When it comes to the opioid epidemic, it's far more likely that addiction is the issue. A common scenario is for the person to become addicted to a legally prescribed pain medication like OxyContin or Vicodin. Once the prescription ends, the addicted person may turn to the streets to obtain the needed drug -- or a substitute like heroin.
There are effective drugs that can treat opioid cravings: buprenorphine and naltrexone. They're often covered by insurance and are approved for young people by the American Academy of Pediatrics. The trouble is, a new study found they're not being prescribed for youth, even when they're insured.
The study found that only 27 percent of insured patients diagnosed with opioid addiction were given either of the two drugs. Researchers looked into the medical records of around 21,000 patients between 13 and 25 who were covered by a major insurer during 2001-2014, a period when opioid addiction was skyrocketing.
One of the study's main authors noted that, in his own practice, he often sees young people who have been to multiple addiction treatment programs without being offered one of the two drugs, which treat cravings so that the underlying addiction issues can be addressed.

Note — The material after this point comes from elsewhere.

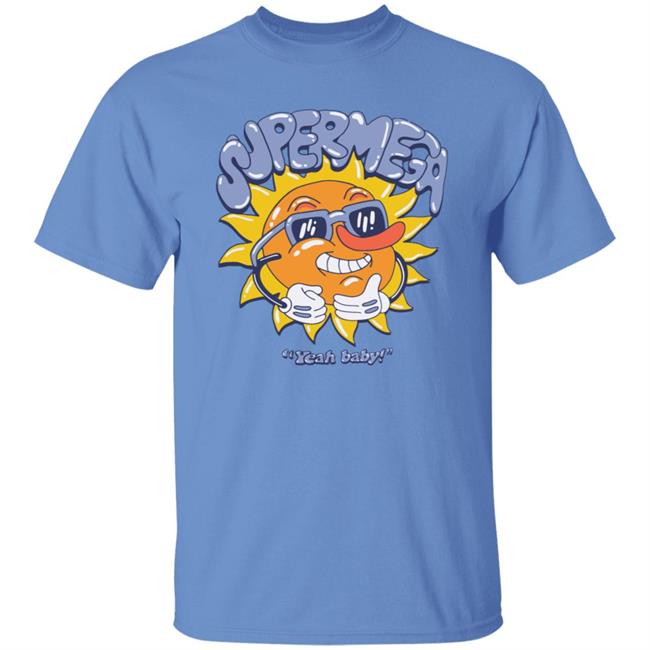 Super Mega Yeah Baby Shirt Super Mega Market Merch Super Mega Yeah Baby Shirt Super Mega Market Merch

Cost, prescribing barriers and bias could be at play
The cost of the drugs under insurance varies, but overall the cost of buprenorphine, a daily medication, is about $100 per month. Naltrexone, a monthly shot, costs about $1,000. Beyond cost, however, there may be unfamiliarity among some doctors. Naltrexone should only be given to people who are completely free from opioids, and buprenorphine requires some special training and a DEA prescription waiver.
Interestingly, the study also found that the rate at which the drugs were prescribed were lower among young women, Hispanics and African-Americans than among young white men. This could indicate either that there is some difference in access to care, or perhaps doctor bias.
What's clear is that parents and those who care for opioid addicts need to know that these drugs are available and effective so they can be utilized to support and sustain recovery.